For many who have followed the palm oil debate in France, this is sadly familiar. The same Green Senators, using the same prejudiced criteria, had proposed the same palm oil tax in 2013, 2014 and 2015. It was defeated on every occasion.

So, why was the tax defeated then, but has now been passed? This is a critical question in order to understand the situation.

The primary reason that the tax was defeated previously was that it has no economic rationale at all. Palm oil is not under-taxed in France – such claims by isolated Green Senators are simply untrue.

Imposing only taxes on palm oil, and not on similar vegetable oils, would be unjust. Many French Parliamentarians and government leaders recognised this, and so voted against the tax each time.

The current Foreign Minister, Jean-Marc Ayrault, was even moved to give a speech in 2013 promising that France “would never impose discriminatory taxes on palm oil”.

Reasons for U-turn

So what has changed? Two primary factors.

First, the intervention of Environment Minister Segolene Royal. She had previously made negative comments about palm oil, for which she apologised. However, she has played a substantial role in allowing the new tax to pass.

She gave a ‘neutral’ recommendation to the Senate, substantially influencing the governing Socialist party. As a result, many Socialist Senators who in previous years had opposed the tax, now support it.

Second, the Senate this time proposed the tax as part of the Biodiversity Bill – a politically less significant piece of legislation. This allowed Minister Royal and the Green Senators to sneak through the palm oil tax, with less scrutiny or attention.

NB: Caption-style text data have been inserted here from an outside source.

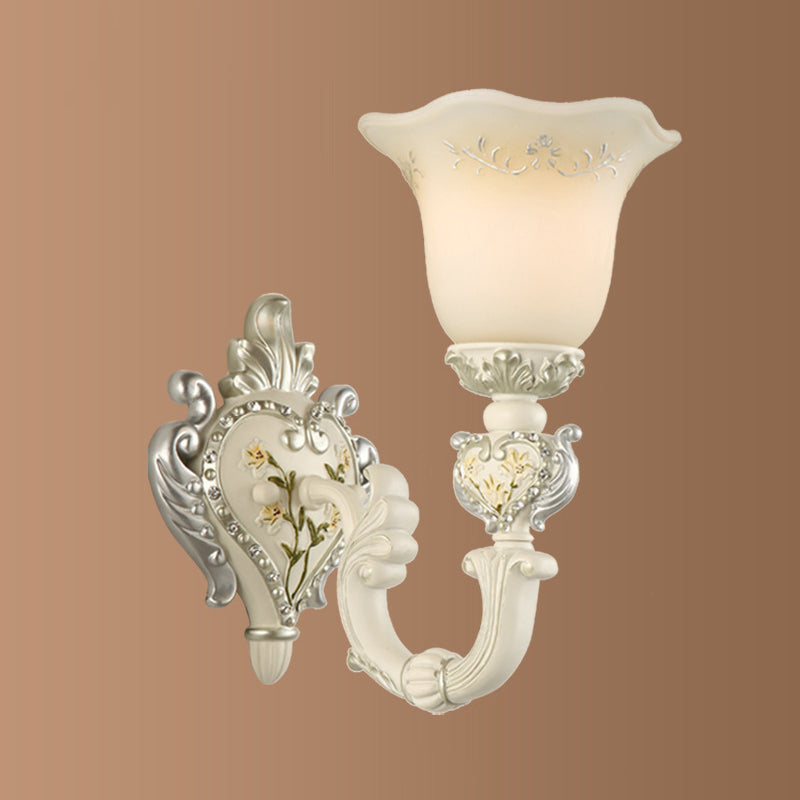 1/2-Head Ivory Glass Wall Sconce Traditional White Bell Shaped Bedroom Wall Light Kit Clearhalo 'Wall Lamps & Sconces' 'Wall Lights' Lighting' 1289843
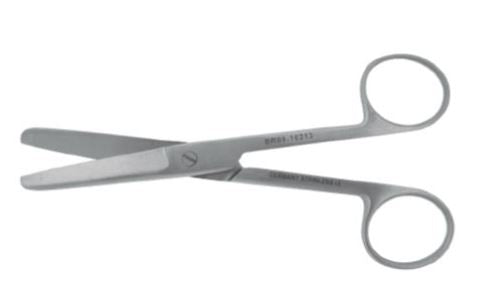 BR Surgical BR Surgical Operating Scissors 4-1/2 Inch Length Surgical Grade Stainless Steel Finger Ring Handle Curved Blunt/Blunt - BR08-10311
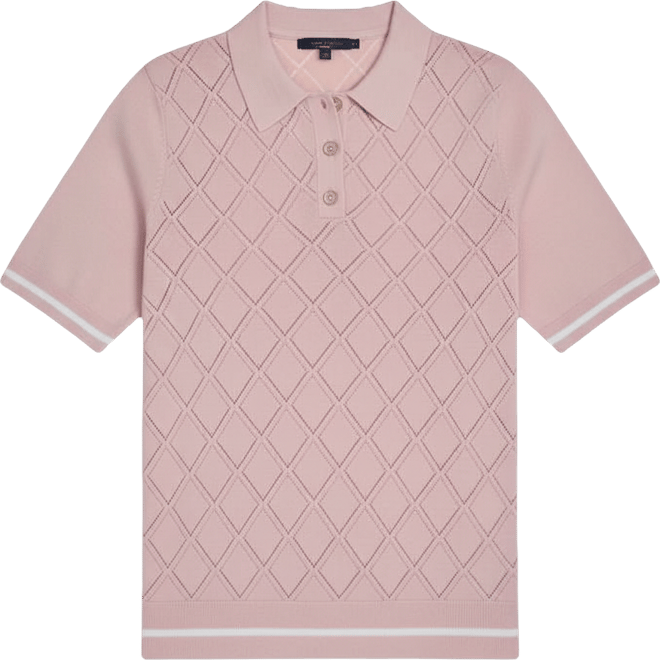 Women's Pointelle Polo Collared Sweater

Previously, the tax had been proposed in the high-profile PLFFS Financing Bill, meaning that bogus arguments were exposed in public and so the vote would always go against the tax.

As a result, the damaging tax has now been passed, and awaits a vote in the National Assembly in March.

Clear discrimination

We know that the tax is economically unsound. It is also legally unsound. The tax would contravene both WTO trade rules, and the Internal Market laws of the European Union, because it is discriminatory (only applying to palm oil and not to competing products).

To make matters worse, the ‘justifications’ for the tax are scientifically unsound:

  • Claims that palm oil is harmful for health have been thoroughly debunked by numerous international scientific bodies.
  • Allegations that Malaysia is deforesting have been exposed by a recent United Nations forest report as being simply, and demonstrably, inaccurate.

To recap, the palm oil tax is discriminatory, which breaks EU and WTO rules. The scientific rationale has been undermined by experts in every field; and the economic basis for the tax is fraudulent.

The decision now moves on to the National Assembly, and the French government will have a critical role to play.

Malaysia, and other palm oil producing countries, are historically good friends and trading partners with France. Indeed, Foreign Minister Ayrault has said as much – in the same speech in 2013 when he promised not to tax palm oil.

It should be the fervent hope of the one million Malaysians who depend on the palm oil sector – including 300,000 small farmers – that he can keep his promise, and that the Government will see sense and reject this tax.